Inexpensive high-capacity storage, an abundance of sensor driven data, and the exponential growth of user-generated content are driving exabytes of data globally. Recent advances in machine intelligence algorithms mapped to high-performance GPUs are enabling orders of magnitude acceleration of the processing and understanding of that data, producing insights in near real time. Radeon Instinct is a blueprint for an open software ecosystem for machine intelligence, helping to speed inference insights and algorithm training.

“Radeon Instinct is set to dramatically advance the pace of machine intelligence through an approach built on high-performance GPU accelerators, and free, open-source software in MIOpen and ROCm,” said AMD President and CEO, Dr. Lisa Su. “With the combination of our high-performance compute and graphics capabilities and the strength of our multi-generational roadmap, we are the only company with the GPU and x86 silicon expertise to address the broad needs of the datacenter and help advance the proliferation of machine intelligence.”

At the AMD Technology Summit held last week, customers and partners from 1026 Labs, Inventec, SuperMicro, University of Toronto’s CHIME radio telescope project and Xilinx praised the launch of Radeon Instinct, discussed how they’re making use of AMD’s machine intelligence and deep learning technologies today, and how they can benefit from Radeon Instinct.

Radeon Instinct accelerators feature passive cooling, AMD MultiGPU (MxGPU) hardware virtualization technology conforming with the SR-IOV (Single Root I/O Virtualization) industry standard, and 64-bit PCIe addressing with Large Base Address Register (BAR) support for multi-GPU peer-to-peer support.

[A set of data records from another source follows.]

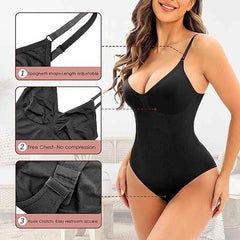 Women Butt Lifter Panties Stretch Slimming Body Shaper with adjustable Spaghetti Strap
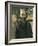 Self Portrait-Paul Cézanne-Framed Art Print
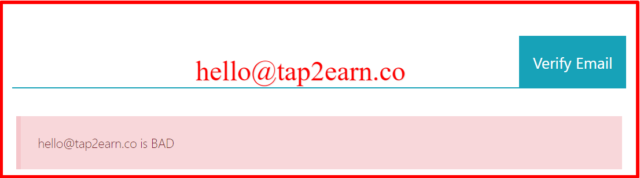fake email address from tap2earn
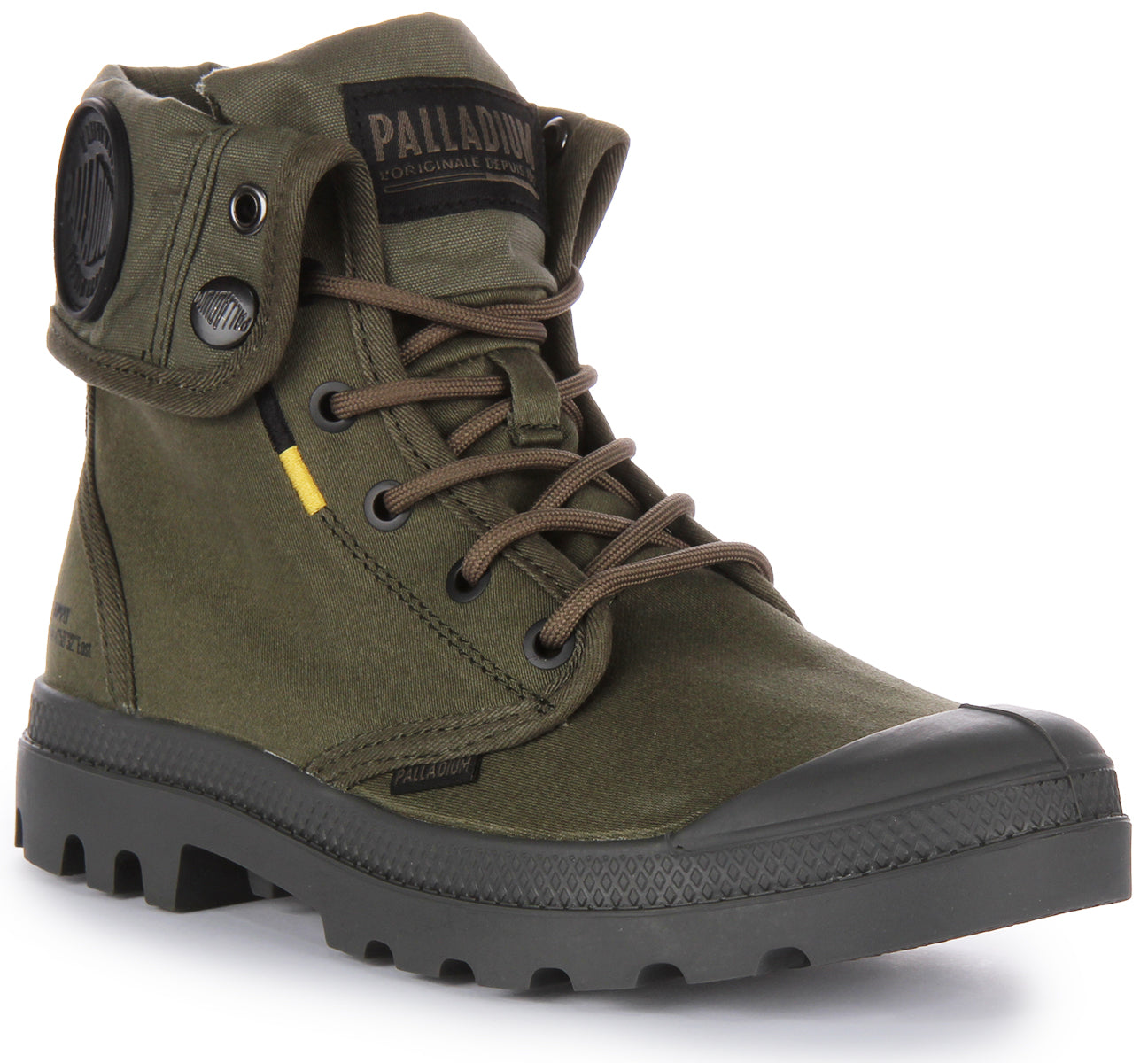 Army green hot sale palladium boots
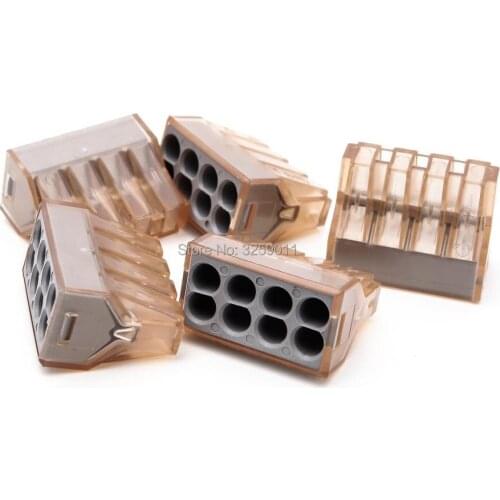 100PCS LED lighting Electrical crimp Building terminal block compact Splicing wire Connectors 773-608/PCT-608 16-12 AWG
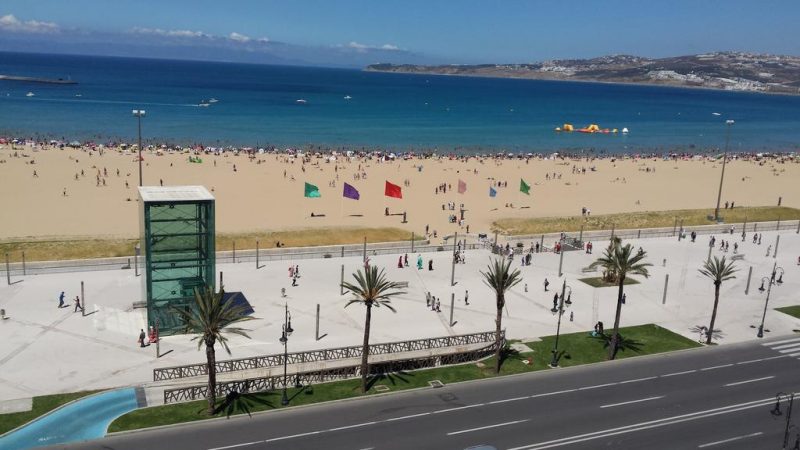 Playa de Tánger, Marruecos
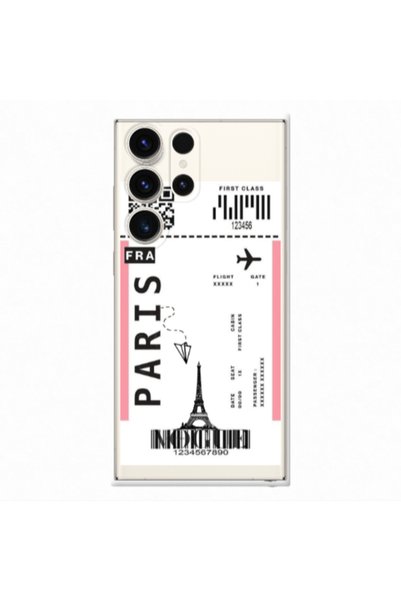 Other Samsung S23 Ultra Paris FRA Transparent Silicone TPU Θήκη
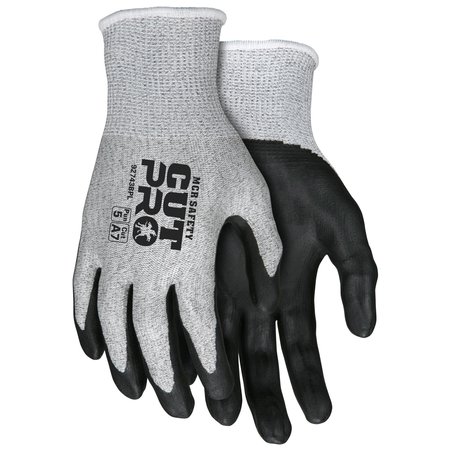 MCR SAFETY Cut Resistant Coated Gloves, A7 Cut Level, Polyurethane, L, 12PK 92743BPL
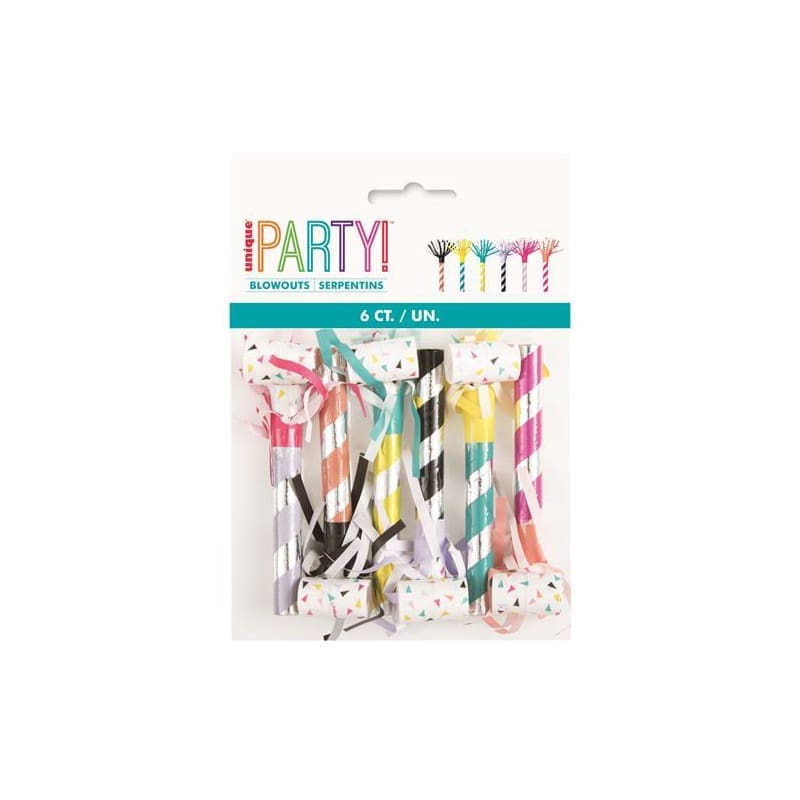 Blowouts Fancy Fringed Striped Pk6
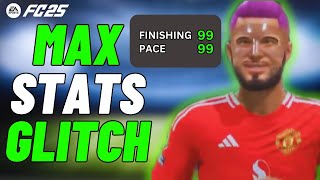 NEW 99 ATTRIBUTES GLITCH IN FC 25 PRO CLUBS  MAX STATS GLITCH [upl. by Janik]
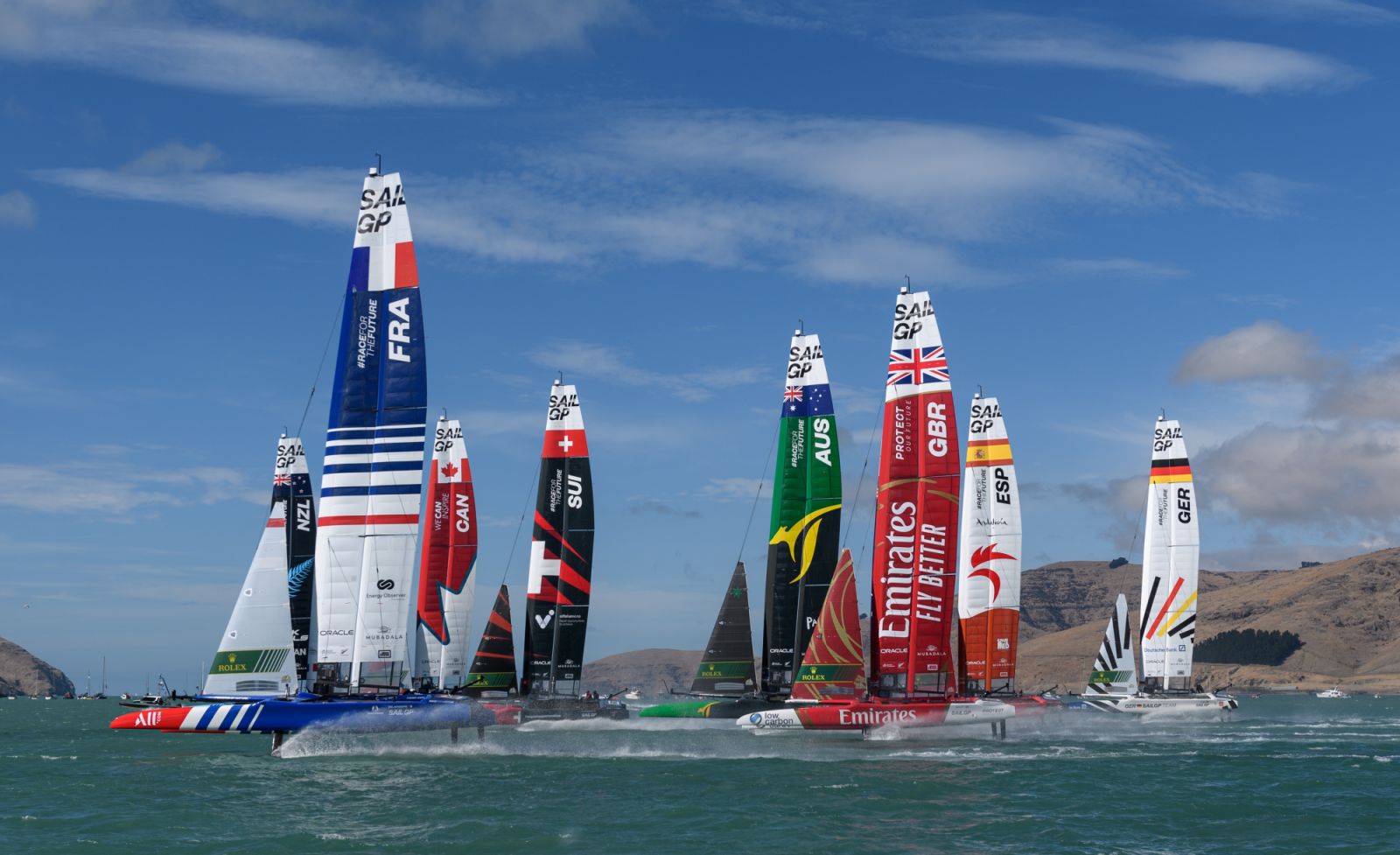 國際帆船大獎賽(SailGP)第四賽季的超強F50雙體船競技 (Photo: Rolex)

Radeon Instinct accelerators are designed to address a wide-range of machine intelligence applications:

  • The Radeon Instinct MI6 accelerator based on the acclaimed Polaris GPU architecture will be a passively cooled inference accelerator optimized for jobs/second/Joule with 5.7 TFLOPS of peak FP16 performance at 150W board power and 16GB of GPU memory
  • The Radeon Instinct MI8 accelerator, harnessing the high-performance, energy-efficient “Fiji” Nano GPU, will be a small form factor HPC and inference accelerator with 8.2 TFLOPS of peak FP16 performance at less than 175W board power and 4GB of High-Bandwidth Memory (HBM)
  • The Radeon Instinct MI25 accelerator will use AMD’s next-generation high-performance Vega GPU architecture and is designed for deep learning training, optimized for time-to-solution

A variety of open source solutions are fueling Radeon Instinct hardware:

  • MIOpen GPU-accelerated library: To help solve high-performance machine intelligence implementations, the free, open-source MIOpen GPU-accelerated library is planned to be available in Q1 2017 to provide GPU-tuned implementations for standard routines such as convolution, pooling, activation functions, normalization and tensor format
  • ROCm deep learning frameworks: The ROCm platform is also now optimized for acceleration of popular deep learning frameworks, including Caffe, Torch 7, and Tensorflow*, allowing programmers to focus on training neural networks rather than low-level performance tuning through ROCm’s rich integrations. ROCm is intended to serve as the foundation of the next evolution of machine intelligence problem sets, with domain-specific compilers for linear algebra and tensors and an open compiler and language runtime

AMD is also investing in developing interconnect technologies that go beyond today’s PCIe Gen3 standards to further performance for tomorrow’s machine intelligence applications. AMD is collaborating on a number of open high-performance I/O standards that support broad ecosystem server CPU architectures including X86, OpenPOWER, and ARM AArch64. AMD is a founding member of CCIX, Gen-Z and OpenCAPI working towards a future 25 Gbit/s phi-enabled accelerator and rack-level interconnects for Radeon Instinct.

Radeon Instinct products are expected to ship in 1H 2017. For more information, visit Radeon.com/Instinct.

 

* Tensorflow support is expected to be available January 2017.